I'll definitely look in to LED bulbs and check out the Kessil range, thank you.


----------



## alto (14 Oct 2016)

Kessil is a great LED but you might email re the suitability of the A80 (I believe the freshwater version Tuna Sun is listed for Dec release) for a deeper tank
 - the A80 Tuna Blue is promoted for nano tanks ... the marine version is getting interest re the outstanding reflector system, also silent (fanless LED)

Once established most plants are less sensitive to blackwater "dimming" 

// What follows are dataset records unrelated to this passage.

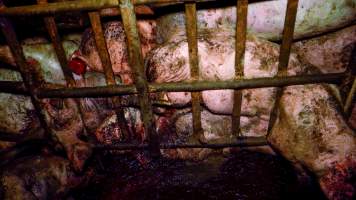 Dublin Piggery 2025 - In June 2025, investigators, acting on information from a member of the public, captured footage inside Andgar piggery in Dublin, South Australia.
The footage shows pigs living alongside the decomposing bodies of hundreds of dead pigs, with some becoming stuck in a giant pile of corpses.
Other footage from the same piggery shows pigs in 'eco sheds' on the property, which are sheds with two or three walls, with at least one side open to the elements. The pigs in these sheds are seen wading through mud and waste, which is often so deep that they are forced to swim. Some pigs had drowned in these sheds, likely after becoming stuck.
Pigs were filmed with massive, necrotic wounds where infection had eaten through skin down to the bone. One pig had a hole in their back that was roughly 10cm in diameter and packed with straw, mud and faeces. Piglets were also found living amongst the dead and rotting bodies of their littermates.
These visits took place over a month after this farm had been reported to the RSPCA by a member of the public, who was so horrified by the conditions that they knew they had to act.
- Captured at Andgar Piggery, Dublin SA Australia.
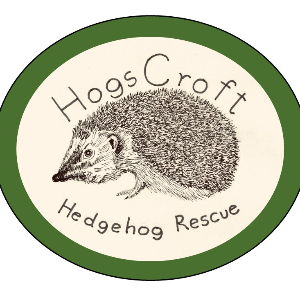 Hogscroft Hedgehog Rescue Logo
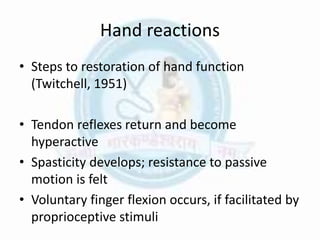 Hand reactions
• Steps to restoration of hand function
(Twitchell, 1951)
• Tendon reflexes return and become
hyperactive
• Spasticity develops; resistance to passive
motion is felt
• Voluntary finger flexion occurs, if facilitated by
proprioceptive stimuli
 
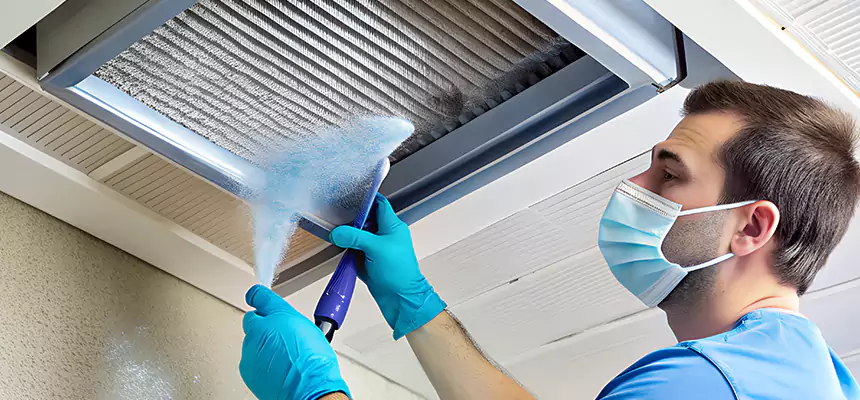 Proactive Dryer Vent & Auxiliary Duct Pollen Cleanup in Walker, MI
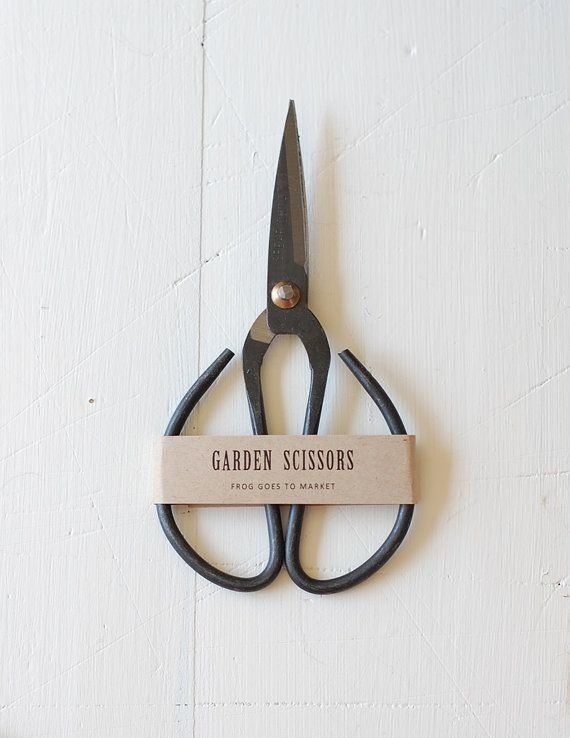 Garden Scissors - Medium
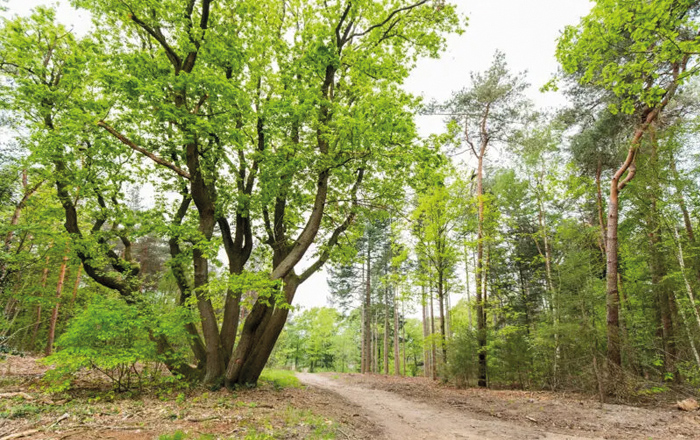 Natuurbegraafplaats Landgoed Mookerheide
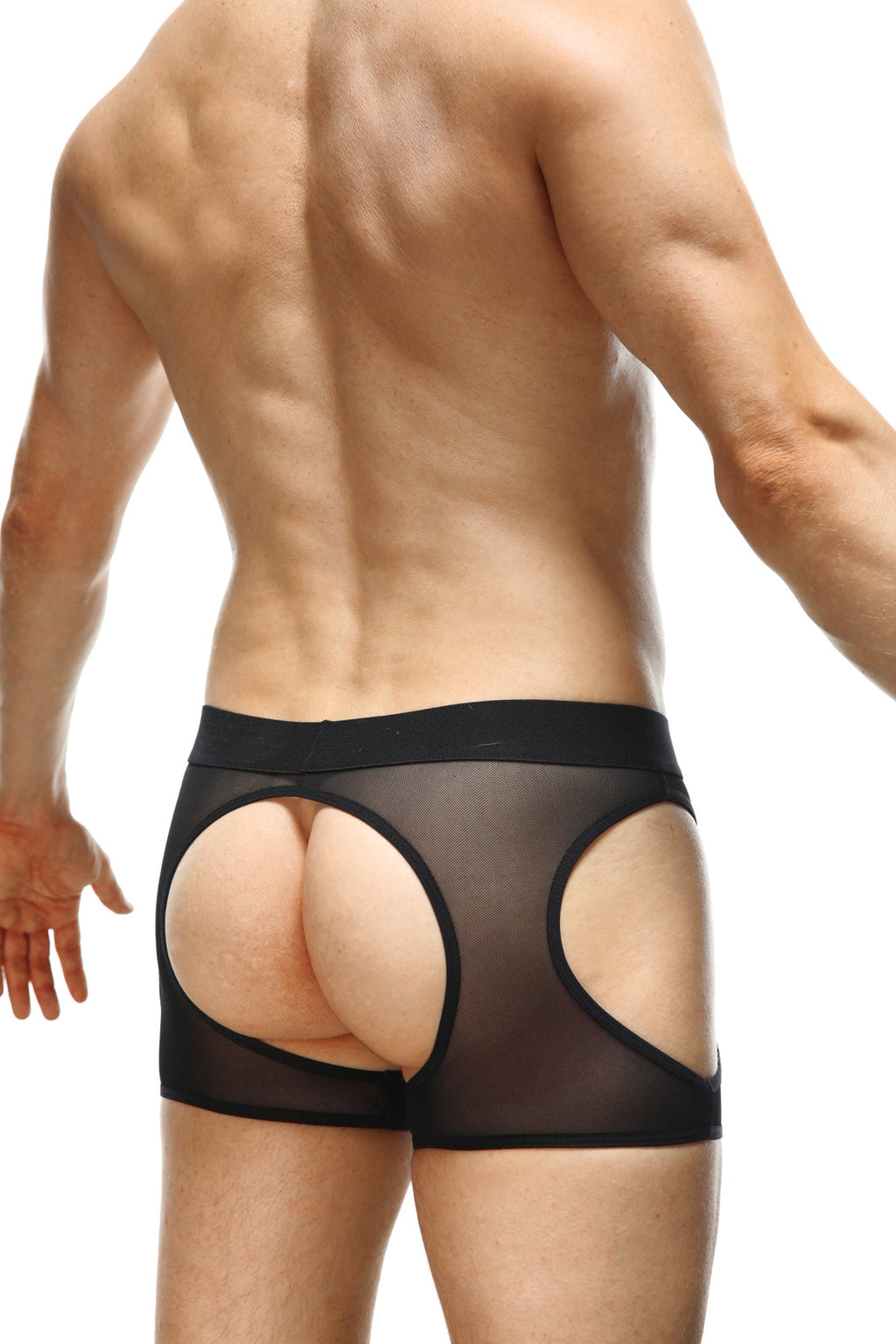 Boxer Mauny Jack-O-Lantern - DealByEthan.gay loves PetitQ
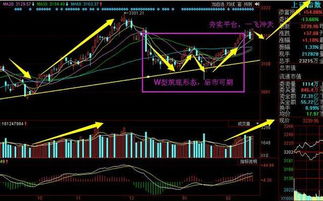 帮我看看002131的利欧股份最近几天是否还有大涨的趋势啊？谢谢了~~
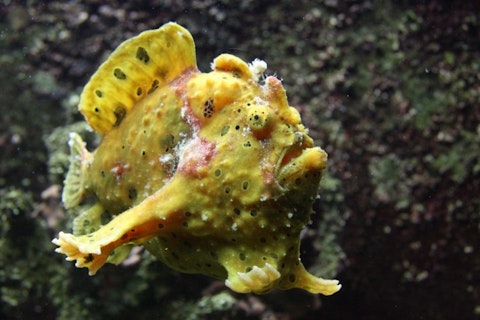 bierchen/Shutterstock.com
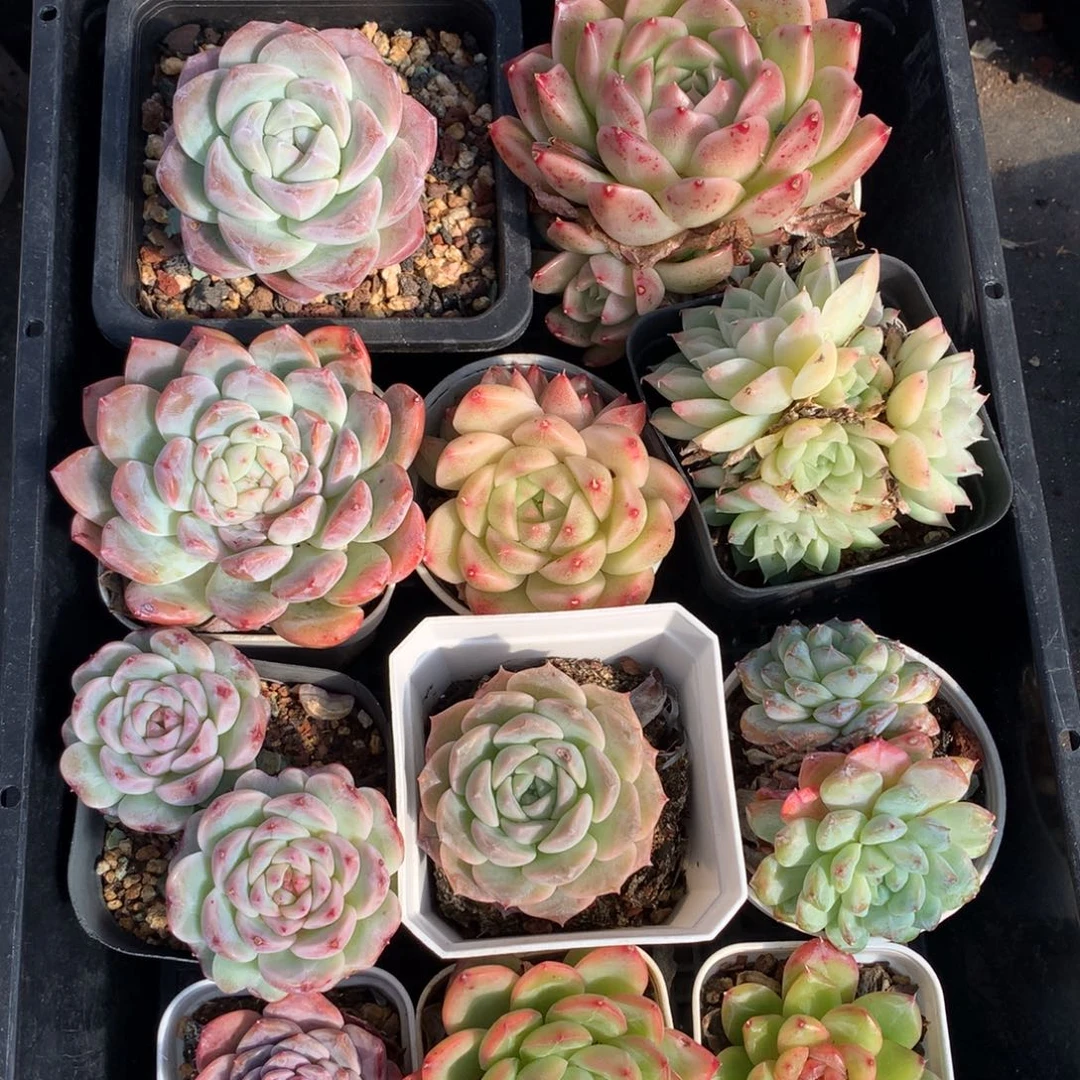 1128-35 套餐一组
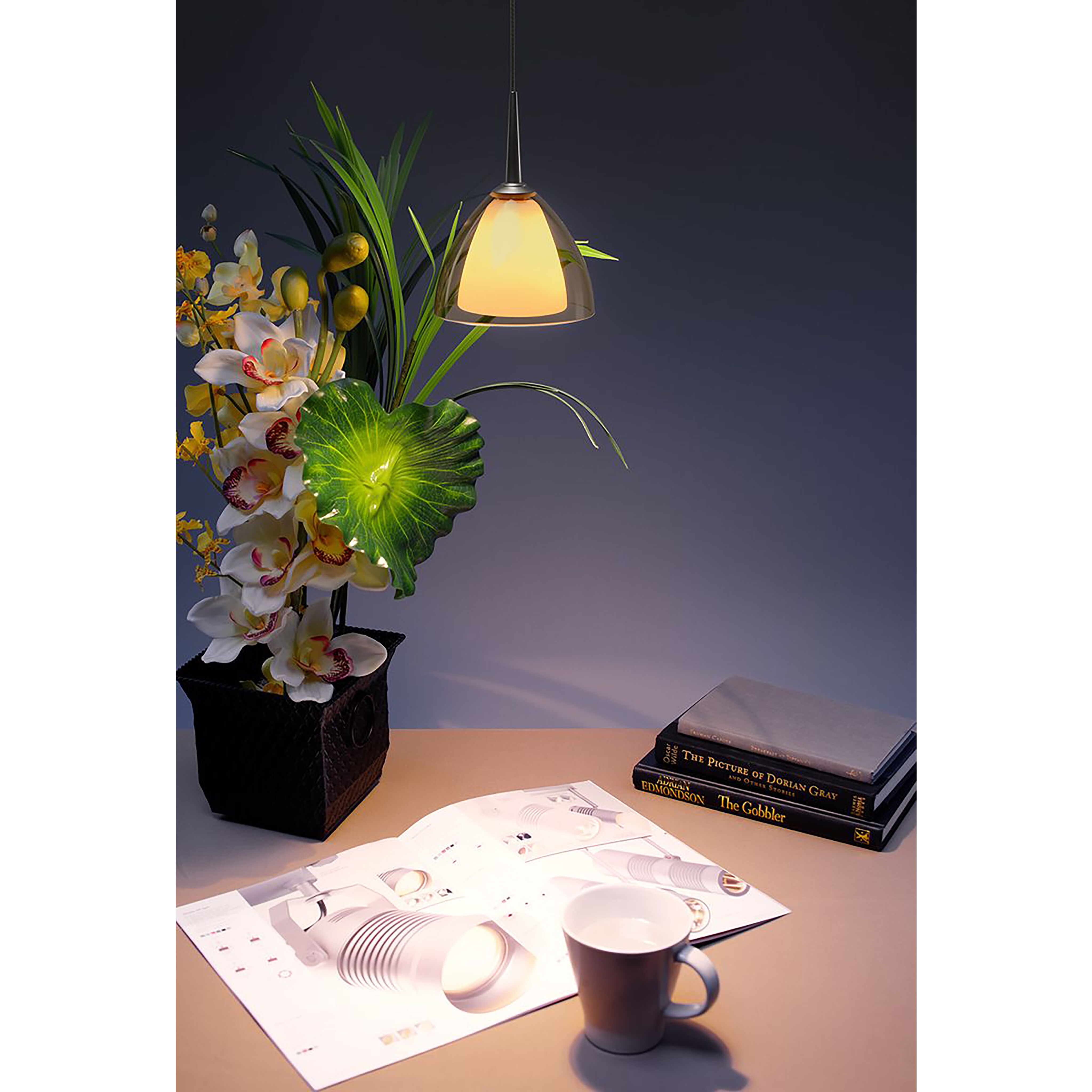 Rainbow 1 Light 4.5 inch Chrome Pendant Ceiling Light in Clear Glass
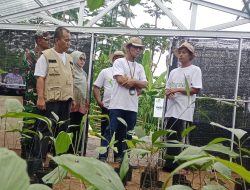 Program Petani Aren Mandiri Diharapkan Meningkatkan Ekonomi Warga Desa Kalianan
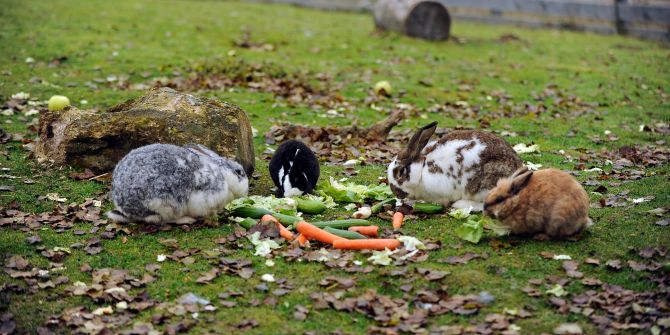 Tierschutz VIER PFOTEN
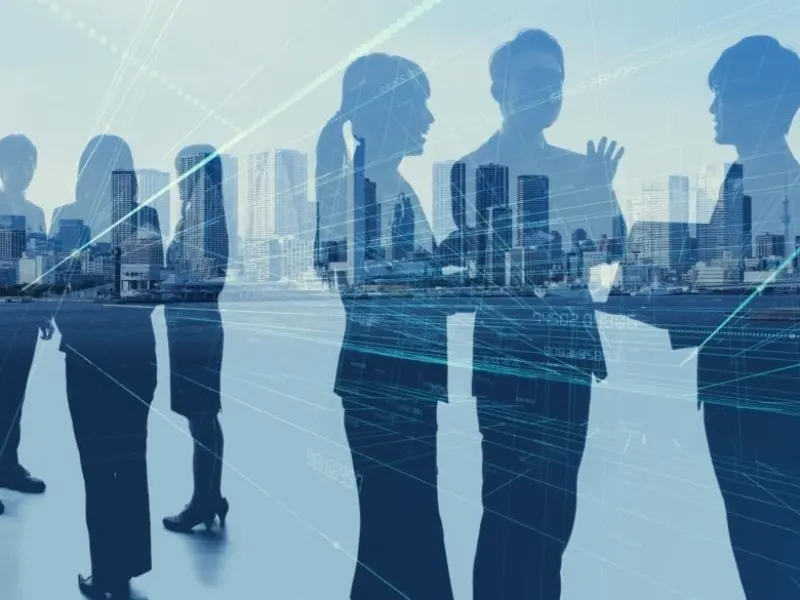 Plume-Network-Optimisation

(I run 2 Kessil A160 Tuna Sun on a 90cm x 45cm x 55 cm)


----------



## PARAGUAY (14 Oct 2016)

l am sure George Farmer did one with wood only, Nathan Hill did a Discus set up were the tank is in half shade and dominated by huge bog wood and the Kessil luminates only half the tank,l believe he only used floating frogbit (for plant growth reasons mentioned)that would look great l would think with Cardinals,Rummynoses as well.Both of these are from PFK sorry no link but you could check website.My personal favourite is photographer Jonny Jensons tetra,catfish Amazon biotope based on a dark mangrove,I think he compromised on planting with similar looking ones again it was a feature in PFK and could be on the website


----------



## Kakarot (14 Oct 2016)

I'll check out the kessil lights if my current cfl doesn't do the job, but due to my budget if I don't have to spend it I probably wont. I've been a PFK reader for years and I remember the article you mentioned, I'll have a re read online but that's the type I'd like, but as you advise Alto I'll start it as a clear water and maybe see about adding some tannins to the water later. I would like some frogbit too. Thanks guys


----------